Sep 17

Academy Sports unveils new store prototype amid growing competition

Academy Sports + Outdoors on Monday opened a store in Richmond with a revamped floor layout and design, part of the Katy athletic retailer’s initiative to improve customers’ shopping experience amid increasing brick-and-mortar and online competition.

The 63,000-square-foot store, off the Grand Parkway near the fast-growing Aliana master-planned community, features a wood and stone exterior meant to evoke the great outdoors.

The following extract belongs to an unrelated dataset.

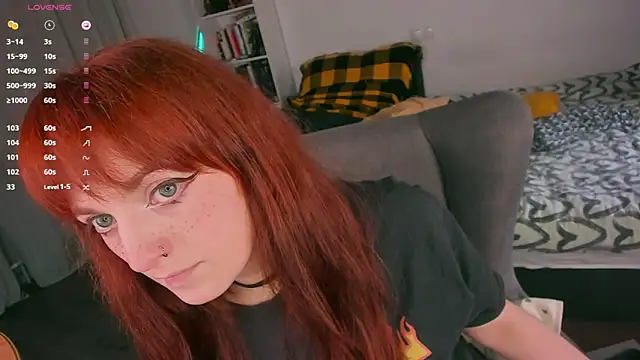 Alice_CutePerv webcam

Inside, customers are greeted by curated merchandising displays, such as a tailgate party theme showcasing Igloo coolers, a portable grill, a cornhole set and mannequins wearing Houston Texans jerseys.

“We’re doing a lot more storytelling,” said Sam Johnson, Academy’s executive vice president of retail operations. “We want to create an emotional experience for our customers.”

Academy, one of the largest sporting goods retailers nationally, is increasingly focused on elevating its store experience to attract customers amid mounting competition from retailers such as Amazon, Target and Walmart. Academy, in particular, has been in fierce competition with Dick’s Sporting Goods after the Pennsylvania-based retailer entered the Houston market in 2016 and quickly opened 16 stores.

“Dick’s dropped almost 1 million square feet seemingly overnight,” said Jason Baker, a retail broker with Houston-based Baker Katz. “That’s a meaningful amount of real estate. Academy is thinking, ‘We’ve got to differentiate ourselves,’ and this is an attempt to do that.”

Responding to competition

Academy, known for its wide product selection and lower prices, is refreshing many of its more than 245 stores nationally, including 32 in the Houston area, to stay competitive. The retailer, owned by New York-based private-equity firm KKR, reported revenue of $4.8 billion in 2018, flat from the previous year.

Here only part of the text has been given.